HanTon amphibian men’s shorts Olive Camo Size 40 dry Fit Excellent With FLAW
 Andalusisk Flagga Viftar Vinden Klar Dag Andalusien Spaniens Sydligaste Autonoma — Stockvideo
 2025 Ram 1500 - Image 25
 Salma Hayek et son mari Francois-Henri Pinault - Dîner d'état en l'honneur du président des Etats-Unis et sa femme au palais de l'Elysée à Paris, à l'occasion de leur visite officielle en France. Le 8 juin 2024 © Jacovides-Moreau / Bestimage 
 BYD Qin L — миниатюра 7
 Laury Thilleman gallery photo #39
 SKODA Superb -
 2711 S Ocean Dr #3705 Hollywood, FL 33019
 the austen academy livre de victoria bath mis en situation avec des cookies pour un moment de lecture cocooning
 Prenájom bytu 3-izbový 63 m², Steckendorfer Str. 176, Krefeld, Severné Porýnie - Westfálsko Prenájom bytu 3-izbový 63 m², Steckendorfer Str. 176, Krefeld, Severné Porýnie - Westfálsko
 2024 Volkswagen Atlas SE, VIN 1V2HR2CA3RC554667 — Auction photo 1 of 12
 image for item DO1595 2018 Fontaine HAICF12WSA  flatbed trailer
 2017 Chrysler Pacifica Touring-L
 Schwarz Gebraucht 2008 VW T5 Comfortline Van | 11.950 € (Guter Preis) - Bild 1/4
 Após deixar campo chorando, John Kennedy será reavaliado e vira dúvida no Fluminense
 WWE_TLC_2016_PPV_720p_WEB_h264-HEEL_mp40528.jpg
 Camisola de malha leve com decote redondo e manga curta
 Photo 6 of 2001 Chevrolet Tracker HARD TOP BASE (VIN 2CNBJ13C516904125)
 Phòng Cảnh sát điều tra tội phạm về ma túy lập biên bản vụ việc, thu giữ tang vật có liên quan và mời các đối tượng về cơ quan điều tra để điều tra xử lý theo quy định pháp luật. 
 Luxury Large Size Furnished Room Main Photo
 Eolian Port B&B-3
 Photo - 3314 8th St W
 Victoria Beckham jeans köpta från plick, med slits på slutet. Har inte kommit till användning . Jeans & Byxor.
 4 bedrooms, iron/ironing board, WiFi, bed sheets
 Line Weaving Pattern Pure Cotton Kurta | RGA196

++++++++

▶ [BRIEF]
The reply should hold only the lines from the beginning of the listing above through the line with "2025 Ram 1500 - Image 25", each one written exactly as it appears.

▶ [EXERCISE ANSWER]
HanTon amphibian men’s shorts Olive Camo Size 40 dry Fit Excellent With FLAW
 Andalusisk Flagga Viftar Vinden Klar Dag Andalusien Spaniens Sydligaste Autonoma — Stockvideo
 2025 Ram 1500 - Image 25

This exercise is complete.